页的头部和条目状态位映射通常被写到 flash 的未加密部分。如果使用了 ESP32 的 flash 加密功能,条目会被加密。

页的状态是这样定义的:向某些比特写 0 可以改变状态。因此,一般没有必要通过擦除页来改变页的状态,除非要改变的状态是 已擦除 状态。

头部中计算的 CRC32 值不包括状态值(底 4 ~ 28 字节)。未使用部分当前使用 0xff 填充。今后的库可能会在这里存储格式化版本。

下面的章节描述了条目状态位映射和条目自身的结构。

条目和条目状态位映射

每个条目可以处于一下三个状态之一。每个状态都由条目状态位映射中的两个比特表示。位映射中的最后四个比特(256 - 2 * 126)未被使用。

空 Empty (2’b11)
所指定的条目还没有写入任何东西。这是一个未初始化状态(所有的字节都是 0xff)。
已写入 Written (2’b10)
一个键值对(或者跨越多个条目的键值对的一部分)已被写入到条目。
已擦除 Erased (2’b00)
该条目中的键值对被丢弃。该条目中的内容将不会被解析。

条目的结构

For values of primitive types (currently integers from 1 to 8 bytes long), entry holds one key-value pair. For string and blob types, entry holds part of the whole key-value pair. In case when a key-value pair spans multiple entries, all entries are stored in the same page.

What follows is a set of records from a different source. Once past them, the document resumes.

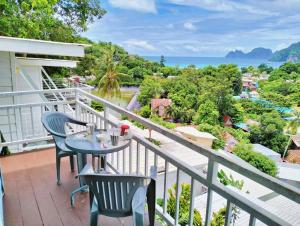 blue view house phi phi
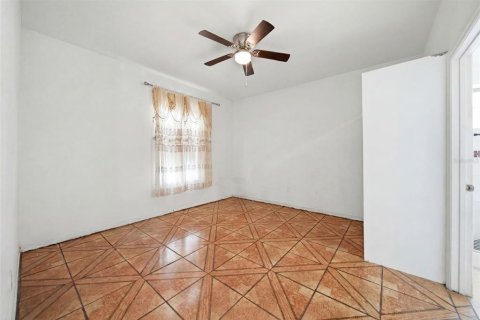 House in Orlando, Florida 4 bedrooms, 126.35 sq.m. № 2210362 - photo 20
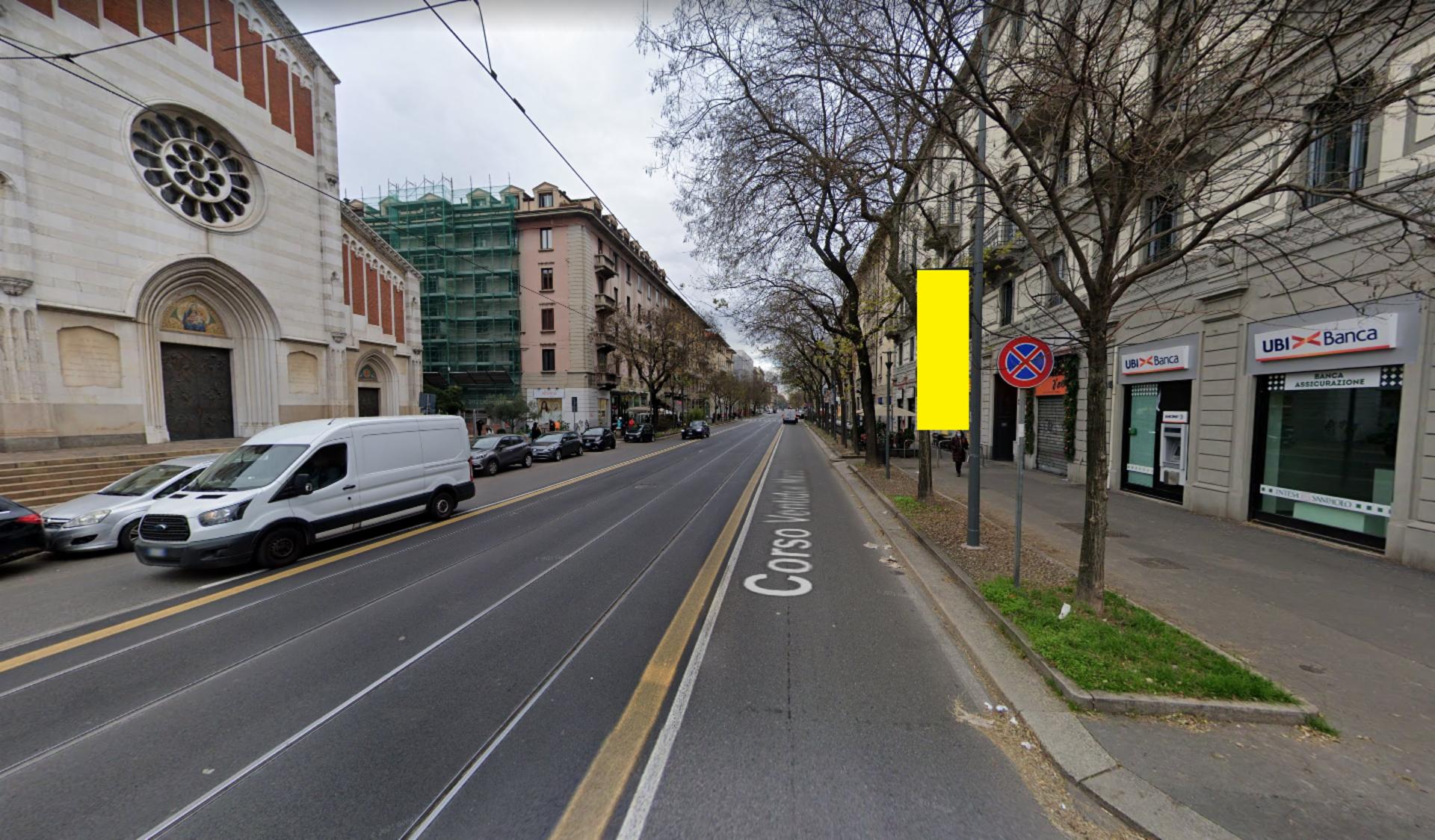 Impianto VERTICAL BANNER a Milano, in zona Circle K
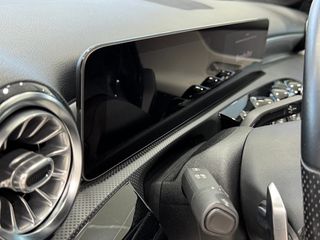 Mercedes-Benz A 180 2018 AMG LINE-thumb-19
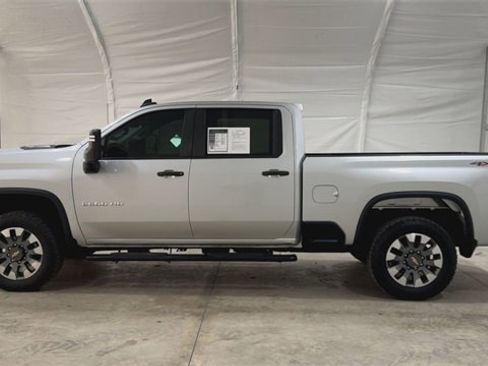 Certified 2022 Chevrolet Silverado 2500 Custom w/ Custom Value Package image 5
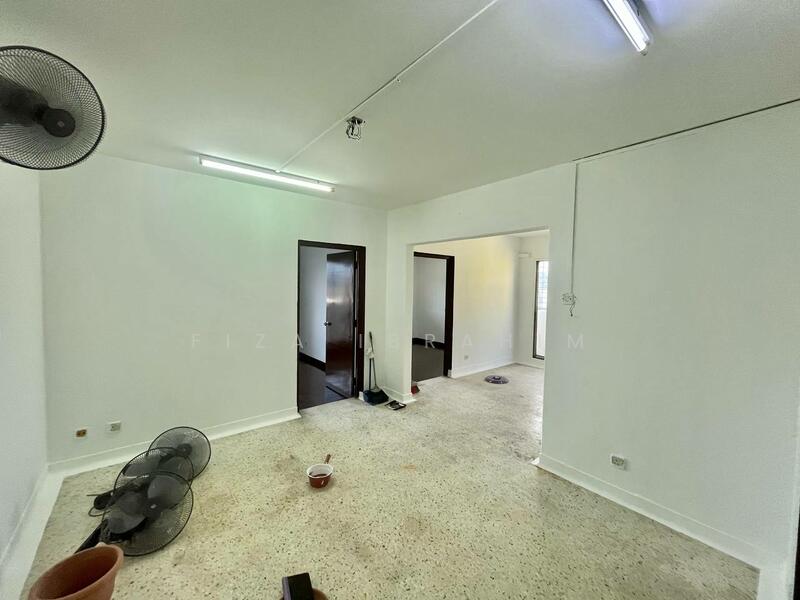 Untuk Dijual - Menara Merak Kayangan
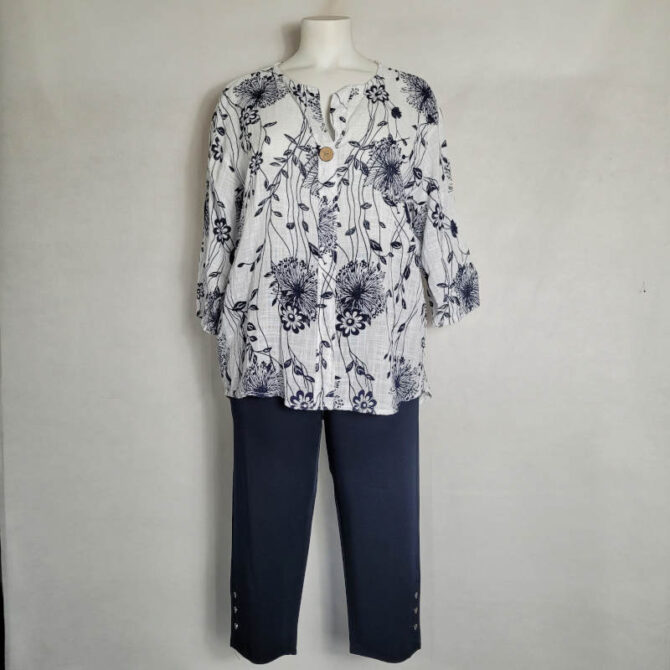 idee look tuniques coton femme blanc à motif manches courtes et pantacourt fluide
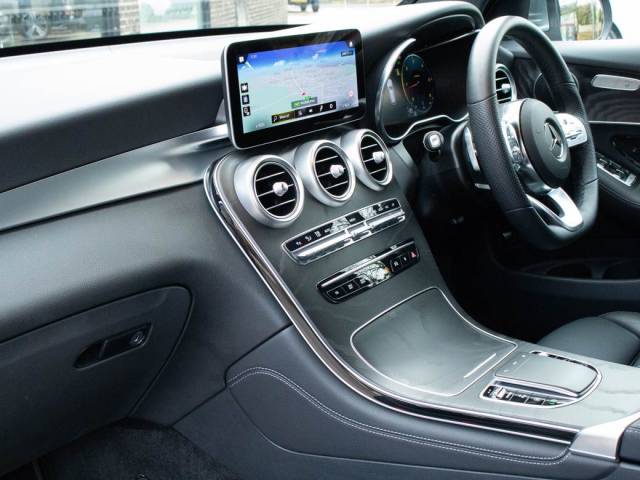 2019 Mercedes-Benz GLC 2.0 GLC 220d 4MATIC AMG Line Premium 9G-Tronic Auto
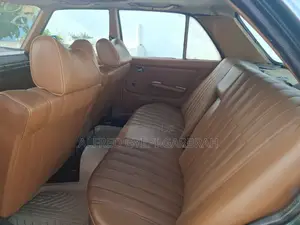 Mercedes-Benz W123 1983 Green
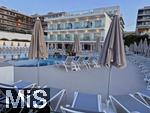 23.06.2025,  Beliebtes Reiseziel der Deutschen, Mallorca. Hier ein Hotel in Cala Ratjada, am Pool sind alle Liegen leer.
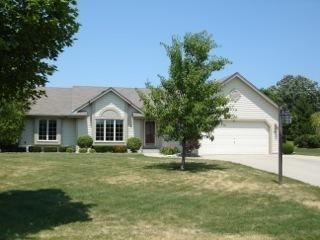 8832 Mourning Dove Ct, Hales Corners, WI 53132-8590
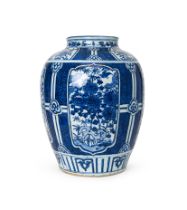 A LARGE CHINESE BLUE AND WHITE JAR, WANLI PERIOD (1573-1619)
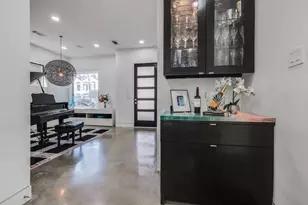 2014 Park St, Houston, TX 77019 - Photo 6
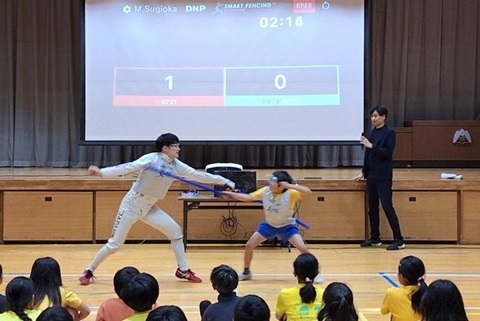 日本代表選手に挑戦するチャレンジマッチ(八千代市立睦小学校)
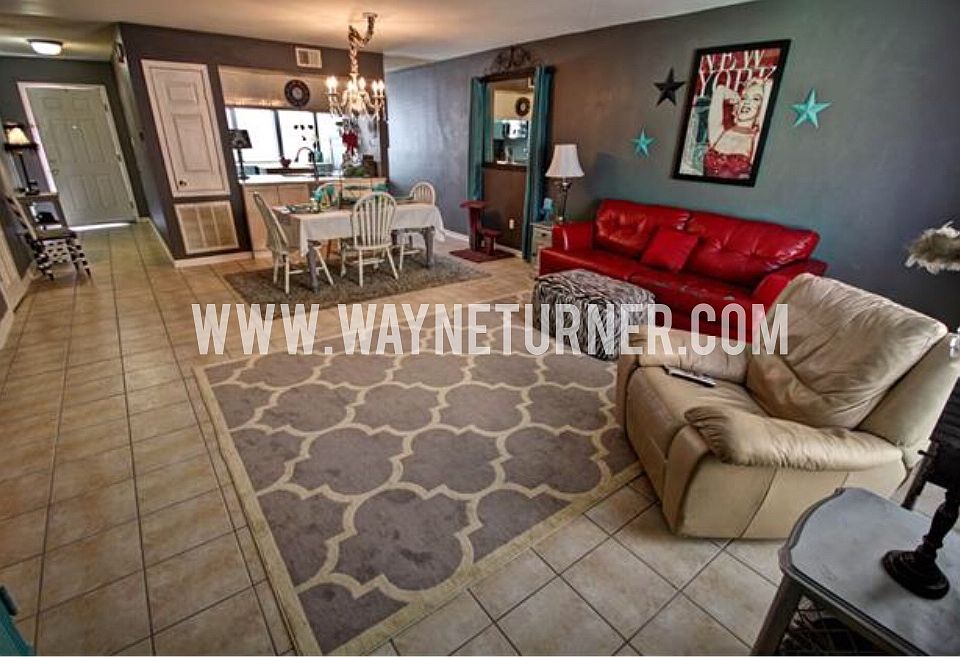 1st image of 11 Hollycrest Blvd #11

+--------+----------+----------+---------+-----------+---------------+----------+
| NS (1) | Type (1) | Span (1) | Rsv (1) | CRC32 (4) |    Key (16)   | Data (8) |
+--------+----------+----------+---------+-----------+---------------+----------+

                                               +--------------------------------+
                         +->    Fixed length:  | Data (8)                       |
                         |                     +--------------------------------+
          Data format ---+
                         |                     +----------+---------+-----------+
                         +-> Variable length:  | Size (2) | Rsv (2) | CRC32 (4) |
                                               +----------+---------+-----------+

Individual fields in entry structure have the following meanings:

NS
Namespace index for this entry. See section on namespaces implementation for explanation of this value.
Type
One byte indicating data type of value. See ItemType enumeration in nvs_types.h for possible values.
Span
Number of entries used by this key-value pair. For integer types, this is equal to 1. For strings and blobs this depends on value length.
Rsv
Unused field, should be 0xff.
CRC32
Checksum calculated over all the bytes in this entry, except for the CRC32 field itself.
Key
Zero-terminated ASCII string containing key name. Maximum string length is 15 bytes, excluding zero terminator.
Data
For integer types, this field contains the value itself. If the value itself is shorter than 8 bytes it is padded to the right, with unused bytes filled with 0xff. For string and blob values, these 8 bytes hold additional data about the value, described next:
Size
(Only for strings and blobs.) Size, in bytes, of actual data. For strings, this includes zero terminator.
CRC32
(Only for strings and blobs.) Checksum calculated over all bytes of data.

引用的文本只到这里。